When the M Type first appeared in 1929 it was known simply as the ‘Midget’; it had a wheel base of just 6 feet 6 inches. It was indeed a ‘midget’ when compared with the comparatively very large ‘vintage’ MGs also in production at that time, the 18/80s.

When production of the D Type began in 1931, with a seven foot wheelbase, it was known as the ‘Long Chassis Midget’ and the M thereafter became known as the ‘Short Chassis Midget’.

As in the picture it is interesting to note the change on the cover of the works manuals for the M from just ‘Midget’ to ‘Midget Short Chassis’ after production began on the long chassis Midget – the D Type.

Also interesting is the fact that the letters ‘M’ and ‘D’ were not referred to – neither model’s manuals mention it – they were simply the short and long chassis Midgets. The C Type was The Montlhery Midget. Reference to a ‘letter’ designation didn’t become popular, or indeed necessary, until the arrival of further ‘Midgets’ – the J’s and P’s.
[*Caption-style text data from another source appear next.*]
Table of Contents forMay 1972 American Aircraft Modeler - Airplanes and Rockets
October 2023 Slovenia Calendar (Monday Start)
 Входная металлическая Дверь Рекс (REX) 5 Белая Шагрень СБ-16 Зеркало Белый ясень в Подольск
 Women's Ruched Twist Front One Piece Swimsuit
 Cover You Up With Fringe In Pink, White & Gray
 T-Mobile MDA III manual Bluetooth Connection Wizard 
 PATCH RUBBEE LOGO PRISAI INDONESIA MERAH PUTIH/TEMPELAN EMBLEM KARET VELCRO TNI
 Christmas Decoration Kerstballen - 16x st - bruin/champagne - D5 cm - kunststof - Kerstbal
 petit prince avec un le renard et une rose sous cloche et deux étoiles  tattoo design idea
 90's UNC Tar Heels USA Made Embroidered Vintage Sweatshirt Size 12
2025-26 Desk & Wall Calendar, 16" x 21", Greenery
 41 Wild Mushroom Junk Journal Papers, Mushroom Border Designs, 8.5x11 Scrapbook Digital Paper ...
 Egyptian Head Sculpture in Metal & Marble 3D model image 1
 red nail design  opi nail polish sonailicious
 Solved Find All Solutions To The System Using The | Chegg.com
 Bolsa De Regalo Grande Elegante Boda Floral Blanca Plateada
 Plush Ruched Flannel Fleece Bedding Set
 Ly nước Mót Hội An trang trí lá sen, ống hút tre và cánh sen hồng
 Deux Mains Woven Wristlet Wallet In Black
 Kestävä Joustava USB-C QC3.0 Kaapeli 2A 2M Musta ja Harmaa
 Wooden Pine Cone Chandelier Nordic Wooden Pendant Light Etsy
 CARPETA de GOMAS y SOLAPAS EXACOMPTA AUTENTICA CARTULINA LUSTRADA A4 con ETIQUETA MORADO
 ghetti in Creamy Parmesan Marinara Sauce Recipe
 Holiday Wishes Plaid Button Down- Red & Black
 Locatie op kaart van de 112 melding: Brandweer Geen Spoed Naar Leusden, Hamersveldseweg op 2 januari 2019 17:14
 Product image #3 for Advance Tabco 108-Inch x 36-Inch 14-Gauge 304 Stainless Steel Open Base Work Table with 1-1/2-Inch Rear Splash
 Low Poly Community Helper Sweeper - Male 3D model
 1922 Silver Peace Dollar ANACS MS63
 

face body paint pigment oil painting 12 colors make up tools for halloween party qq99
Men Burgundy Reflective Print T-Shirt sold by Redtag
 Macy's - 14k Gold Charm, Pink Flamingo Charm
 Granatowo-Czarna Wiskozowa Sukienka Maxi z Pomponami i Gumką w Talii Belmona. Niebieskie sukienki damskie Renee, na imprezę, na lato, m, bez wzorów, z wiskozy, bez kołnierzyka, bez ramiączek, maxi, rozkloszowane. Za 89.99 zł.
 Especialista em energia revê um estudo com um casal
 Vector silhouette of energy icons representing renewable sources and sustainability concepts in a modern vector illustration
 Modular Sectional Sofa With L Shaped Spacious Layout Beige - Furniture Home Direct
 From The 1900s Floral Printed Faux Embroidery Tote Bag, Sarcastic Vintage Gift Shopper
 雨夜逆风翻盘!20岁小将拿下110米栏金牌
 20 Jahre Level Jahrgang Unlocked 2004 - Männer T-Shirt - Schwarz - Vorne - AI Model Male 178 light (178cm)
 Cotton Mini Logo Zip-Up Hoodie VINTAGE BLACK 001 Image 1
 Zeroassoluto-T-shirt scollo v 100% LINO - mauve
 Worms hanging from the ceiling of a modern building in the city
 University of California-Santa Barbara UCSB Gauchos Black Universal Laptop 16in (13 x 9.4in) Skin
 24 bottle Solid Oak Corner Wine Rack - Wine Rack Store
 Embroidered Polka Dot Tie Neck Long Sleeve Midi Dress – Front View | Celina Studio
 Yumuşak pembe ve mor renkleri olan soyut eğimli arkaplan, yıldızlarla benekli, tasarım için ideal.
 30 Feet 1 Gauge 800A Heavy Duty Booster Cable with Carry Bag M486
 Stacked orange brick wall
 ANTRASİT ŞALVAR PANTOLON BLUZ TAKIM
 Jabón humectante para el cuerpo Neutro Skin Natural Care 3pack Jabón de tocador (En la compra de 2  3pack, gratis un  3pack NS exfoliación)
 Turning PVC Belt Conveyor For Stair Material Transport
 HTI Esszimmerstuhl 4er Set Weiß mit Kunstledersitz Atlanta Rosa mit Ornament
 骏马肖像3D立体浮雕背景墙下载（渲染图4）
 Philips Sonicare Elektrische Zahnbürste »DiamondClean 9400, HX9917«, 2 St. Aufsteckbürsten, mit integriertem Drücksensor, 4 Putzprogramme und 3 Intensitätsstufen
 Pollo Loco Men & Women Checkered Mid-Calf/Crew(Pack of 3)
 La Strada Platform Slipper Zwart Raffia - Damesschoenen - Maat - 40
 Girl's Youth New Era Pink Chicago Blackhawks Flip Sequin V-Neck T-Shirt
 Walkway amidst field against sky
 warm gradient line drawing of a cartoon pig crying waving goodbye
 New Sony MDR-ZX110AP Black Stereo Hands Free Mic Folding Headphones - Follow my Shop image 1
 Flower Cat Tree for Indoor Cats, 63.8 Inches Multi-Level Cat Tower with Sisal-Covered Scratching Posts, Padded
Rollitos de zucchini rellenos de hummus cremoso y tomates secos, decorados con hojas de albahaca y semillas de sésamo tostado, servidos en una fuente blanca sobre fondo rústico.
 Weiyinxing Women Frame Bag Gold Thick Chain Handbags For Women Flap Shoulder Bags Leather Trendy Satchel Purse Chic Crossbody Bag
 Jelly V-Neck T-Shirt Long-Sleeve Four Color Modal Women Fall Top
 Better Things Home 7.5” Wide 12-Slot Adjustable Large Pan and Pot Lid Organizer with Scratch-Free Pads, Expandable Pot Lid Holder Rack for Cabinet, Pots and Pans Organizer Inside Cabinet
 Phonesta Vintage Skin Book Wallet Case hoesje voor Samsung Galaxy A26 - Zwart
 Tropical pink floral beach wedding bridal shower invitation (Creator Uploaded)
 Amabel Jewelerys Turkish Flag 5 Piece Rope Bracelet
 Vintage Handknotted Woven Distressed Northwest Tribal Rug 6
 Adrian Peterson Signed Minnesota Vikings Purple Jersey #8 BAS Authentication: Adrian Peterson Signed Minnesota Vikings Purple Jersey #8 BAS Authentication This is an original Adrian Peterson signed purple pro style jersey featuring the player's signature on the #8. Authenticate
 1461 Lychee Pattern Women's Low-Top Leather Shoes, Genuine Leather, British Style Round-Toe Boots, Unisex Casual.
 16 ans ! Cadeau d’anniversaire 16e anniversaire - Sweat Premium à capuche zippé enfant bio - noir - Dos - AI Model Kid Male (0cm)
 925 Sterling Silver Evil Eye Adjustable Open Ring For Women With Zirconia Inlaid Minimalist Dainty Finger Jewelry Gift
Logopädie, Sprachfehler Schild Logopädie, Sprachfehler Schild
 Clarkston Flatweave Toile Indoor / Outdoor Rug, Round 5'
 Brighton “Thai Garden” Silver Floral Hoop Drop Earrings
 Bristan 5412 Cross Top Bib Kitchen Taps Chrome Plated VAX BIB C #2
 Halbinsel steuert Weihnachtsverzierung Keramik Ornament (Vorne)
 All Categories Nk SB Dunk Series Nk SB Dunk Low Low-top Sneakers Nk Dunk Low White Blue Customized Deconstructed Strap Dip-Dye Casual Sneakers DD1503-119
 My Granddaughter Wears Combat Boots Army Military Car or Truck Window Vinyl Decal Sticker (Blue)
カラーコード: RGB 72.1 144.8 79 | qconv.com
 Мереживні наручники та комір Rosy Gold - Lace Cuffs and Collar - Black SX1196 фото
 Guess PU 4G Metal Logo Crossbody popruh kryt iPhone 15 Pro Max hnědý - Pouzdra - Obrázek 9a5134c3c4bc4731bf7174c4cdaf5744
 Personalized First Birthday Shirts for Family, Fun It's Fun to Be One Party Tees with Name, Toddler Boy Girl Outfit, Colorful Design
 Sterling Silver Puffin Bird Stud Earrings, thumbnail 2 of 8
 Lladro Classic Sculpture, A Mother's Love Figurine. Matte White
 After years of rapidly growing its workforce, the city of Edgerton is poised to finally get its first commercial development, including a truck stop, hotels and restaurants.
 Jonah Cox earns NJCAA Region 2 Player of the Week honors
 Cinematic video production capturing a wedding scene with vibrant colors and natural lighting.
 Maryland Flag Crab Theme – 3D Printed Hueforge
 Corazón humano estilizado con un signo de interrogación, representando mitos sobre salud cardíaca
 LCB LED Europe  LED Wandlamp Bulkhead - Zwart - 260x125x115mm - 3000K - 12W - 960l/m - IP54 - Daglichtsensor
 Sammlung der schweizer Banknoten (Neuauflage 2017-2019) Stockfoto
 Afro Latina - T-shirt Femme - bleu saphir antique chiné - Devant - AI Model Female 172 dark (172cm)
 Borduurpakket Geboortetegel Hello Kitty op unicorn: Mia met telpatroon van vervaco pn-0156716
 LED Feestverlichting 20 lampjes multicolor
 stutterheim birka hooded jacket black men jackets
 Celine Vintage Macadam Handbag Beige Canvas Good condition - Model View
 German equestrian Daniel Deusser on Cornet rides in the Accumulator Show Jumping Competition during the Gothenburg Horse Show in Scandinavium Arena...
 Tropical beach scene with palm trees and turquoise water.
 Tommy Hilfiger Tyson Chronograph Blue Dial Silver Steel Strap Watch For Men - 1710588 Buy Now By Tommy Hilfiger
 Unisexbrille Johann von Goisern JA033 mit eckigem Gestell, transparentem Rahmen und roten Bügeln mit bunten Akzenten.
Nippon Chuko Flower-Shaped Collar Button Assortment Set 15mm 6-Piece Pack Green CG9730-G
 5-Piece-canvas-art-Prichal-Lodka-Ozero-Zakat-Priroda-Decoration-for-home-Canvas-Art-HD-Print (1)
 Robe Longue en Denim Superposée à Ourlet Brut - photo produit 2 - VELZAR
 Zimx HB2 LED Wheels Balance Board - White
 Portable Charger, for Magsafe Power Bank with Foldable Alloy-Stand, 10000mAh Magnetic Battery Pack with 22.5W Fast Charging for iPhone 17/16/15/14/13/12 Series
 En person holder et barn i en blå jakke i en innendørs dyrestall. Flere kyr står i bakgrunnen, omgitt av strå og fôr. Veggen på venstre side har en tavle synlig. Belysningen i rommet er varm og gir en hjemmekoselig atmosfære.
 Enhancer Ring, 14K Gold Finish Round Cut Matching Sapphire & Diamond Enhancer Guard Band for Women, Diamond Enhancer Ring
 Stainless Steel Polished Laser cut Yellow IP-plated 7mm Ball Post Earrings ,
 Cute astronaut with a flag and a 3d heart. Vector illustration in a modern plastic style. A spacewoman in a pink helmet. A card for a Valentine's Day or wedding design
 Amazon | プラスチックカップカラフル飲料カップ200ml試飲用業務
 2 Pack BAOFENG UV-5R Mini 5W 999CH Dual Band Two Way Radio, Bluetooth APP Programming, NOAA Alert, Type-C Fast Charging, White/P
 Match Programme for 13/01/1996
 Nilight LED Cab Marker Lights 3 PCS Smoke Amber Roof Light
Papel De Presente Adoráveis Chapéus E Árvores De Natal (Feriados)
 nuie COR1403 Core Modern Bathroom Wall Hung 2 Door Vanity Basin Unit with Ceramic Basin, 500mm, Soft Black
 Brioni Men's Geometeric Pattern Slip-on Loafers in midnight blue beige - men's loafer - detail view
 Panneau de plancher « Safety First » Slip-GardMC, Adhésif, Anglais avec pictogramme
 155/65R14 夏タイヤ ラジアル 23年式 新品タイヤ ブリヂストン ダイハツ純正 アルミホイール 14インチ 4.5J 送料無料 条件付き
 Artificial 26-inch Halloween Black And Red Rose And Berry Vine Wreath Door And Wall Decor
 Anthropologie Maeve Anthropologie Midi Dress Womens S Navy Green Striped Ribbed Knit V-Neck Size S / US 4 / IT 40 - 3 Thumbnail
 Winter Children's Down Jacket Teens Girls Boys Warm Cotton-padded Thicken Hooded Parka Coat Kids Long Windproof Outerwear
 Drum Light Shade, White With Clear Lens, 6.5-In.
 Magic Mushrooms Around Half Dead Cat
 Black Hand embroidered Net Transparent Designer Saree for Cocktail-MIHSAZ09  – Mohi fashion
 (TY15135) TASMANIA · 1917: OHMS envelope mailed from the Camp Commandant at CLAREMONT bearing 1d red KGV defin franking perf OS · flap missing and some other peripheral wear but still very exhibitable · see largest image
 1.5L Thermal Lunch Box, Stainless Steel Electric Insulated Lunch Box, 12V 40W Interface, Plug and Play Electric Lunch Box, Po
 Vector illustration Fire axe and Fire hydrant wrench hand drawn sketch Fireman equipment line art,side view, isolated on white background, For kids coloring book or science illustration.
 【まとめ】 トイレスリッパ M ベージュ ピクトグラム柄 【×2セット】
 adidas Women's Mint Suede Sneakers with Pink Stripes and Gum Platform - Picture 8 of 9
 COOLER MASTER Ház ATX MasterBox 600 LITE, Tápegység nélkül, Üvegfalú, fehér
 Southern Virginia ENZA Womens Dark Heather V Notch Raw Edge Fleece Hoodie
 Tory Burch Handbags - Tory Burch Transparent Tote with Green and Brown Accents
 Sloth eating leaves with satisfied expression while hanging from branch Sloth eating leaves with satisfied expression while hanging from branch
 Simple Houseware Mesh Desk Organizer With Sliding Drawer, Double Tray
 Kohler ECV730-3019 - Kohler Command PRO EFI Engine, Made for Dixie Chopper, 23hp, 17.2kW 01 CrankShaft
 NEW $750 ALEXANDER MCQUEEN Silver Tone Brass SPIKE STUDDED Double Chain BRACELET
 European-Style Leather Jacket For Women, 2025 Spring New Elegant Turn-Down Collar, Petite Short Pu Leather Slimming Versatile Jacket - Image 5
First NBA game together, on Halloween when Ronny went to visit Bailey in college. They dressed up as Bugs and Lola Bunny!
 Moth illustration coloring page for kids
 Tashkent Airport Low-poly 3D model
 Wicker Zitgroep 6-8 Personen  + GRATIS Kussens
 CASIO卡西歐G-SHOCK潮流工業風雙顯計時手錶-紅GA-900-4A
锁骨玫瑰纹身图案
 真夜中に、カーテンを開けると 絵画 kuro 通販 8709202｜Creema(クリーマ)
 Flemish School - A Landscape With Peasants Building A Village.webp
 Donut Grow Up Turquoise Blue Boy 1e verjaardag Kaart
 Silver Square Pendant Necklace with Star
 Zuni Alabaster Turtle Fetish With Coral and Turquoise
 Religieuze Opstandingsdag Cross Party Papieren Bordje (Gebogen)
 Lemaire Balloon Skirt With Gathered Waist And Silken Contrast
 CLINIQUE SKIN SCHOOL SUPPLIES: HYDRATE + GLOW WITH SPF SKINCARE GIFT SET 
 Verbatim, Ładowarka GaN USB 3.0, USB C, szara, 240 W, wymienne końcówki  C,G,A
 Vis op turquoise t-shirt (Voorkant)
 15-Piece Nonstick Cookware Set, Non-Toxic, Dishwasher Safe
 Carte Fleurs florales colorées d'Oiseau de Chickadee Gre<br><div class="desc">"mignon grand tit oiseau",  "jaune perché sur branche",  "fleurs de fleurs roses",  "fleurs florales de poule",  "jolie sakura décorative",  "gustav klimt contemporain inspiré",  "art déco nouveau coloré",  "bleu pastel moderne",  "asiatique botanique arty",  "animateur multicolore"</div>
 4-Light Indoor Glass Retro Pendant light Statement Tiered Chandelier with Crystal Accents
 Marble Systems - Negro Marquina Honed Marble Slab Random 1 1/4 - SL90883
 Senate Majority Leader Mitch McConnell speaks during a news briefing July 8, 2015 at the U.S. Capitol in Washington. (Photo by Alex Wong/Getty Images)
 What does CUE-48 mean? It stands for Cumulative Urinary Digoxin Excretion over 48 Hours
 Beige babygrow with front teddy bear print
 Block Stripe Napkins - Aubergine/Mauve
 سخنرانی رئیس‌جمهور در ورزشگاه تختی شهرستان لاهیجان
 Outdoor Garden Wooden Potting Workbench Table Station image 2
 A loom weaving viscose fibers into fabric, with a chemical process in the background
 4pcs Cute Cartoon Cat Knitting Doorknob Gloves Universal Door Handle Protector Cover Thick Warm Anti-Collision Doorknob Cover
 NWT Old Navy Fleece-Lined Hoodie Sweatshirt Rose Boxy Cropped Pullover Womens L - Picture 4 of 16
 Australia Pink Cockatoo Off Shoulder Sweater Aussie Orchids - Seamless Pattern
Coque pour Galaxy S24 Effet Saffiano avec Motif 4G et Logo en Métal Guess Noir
Somewhat to add to the confusion the D Type, after the first 100 cars had been produced, had its chassis length increased to 7 foot 2 inches as a result of changes needed to strengthen the chassis and bodywork. However, either way, the D is still ‘the long chassis’ Midget whatever its chassis length and the M is ‘the short chassis’ Midget! I once saw a manual for sale on Ebay referred to as a “short Chassis D Type” it was of course a later M manual!

In recent years I have started dropping the ‘long chassis’ designation as the cars are now just ‘D Types’ but no doubt some confusion will continue!


Following on our coverage of four speed boxes in D Types Sam Christie asked me the question ‘had any D owners tried or fitted a Morris Minor synchromesh gearbox?’

I replied that I didn’t know and to be honest, I had never heard of a synchromesh box for the Minor! He sent this picture of one (now in Norbert Welter’s M Type in Luxembourg).

It is fitted with Wolseley Hornet Special remote control and looks as though it would take a standard J2 one too. The handbrake attachments could easily be removed and/or the back plate changed to a D one.

The code number for the synchro box is 110; the non-synchro 74 (standard J2 4 speed box is 72) all stamped on the case in front of the remote control as can just be seen in this picture.

Sam has also compared the ratios between the different boxes; but we’ll leave that for another time! But has anyone out there got one of these synchromesh boxes?


Sadly, Julia passed away on 16th August. A dear friend and fellow enthusiast she and Digby were keen followers of the D Group and their D0377 was well used.

We shall miss her. Our sincere condolences to Digby and all the family.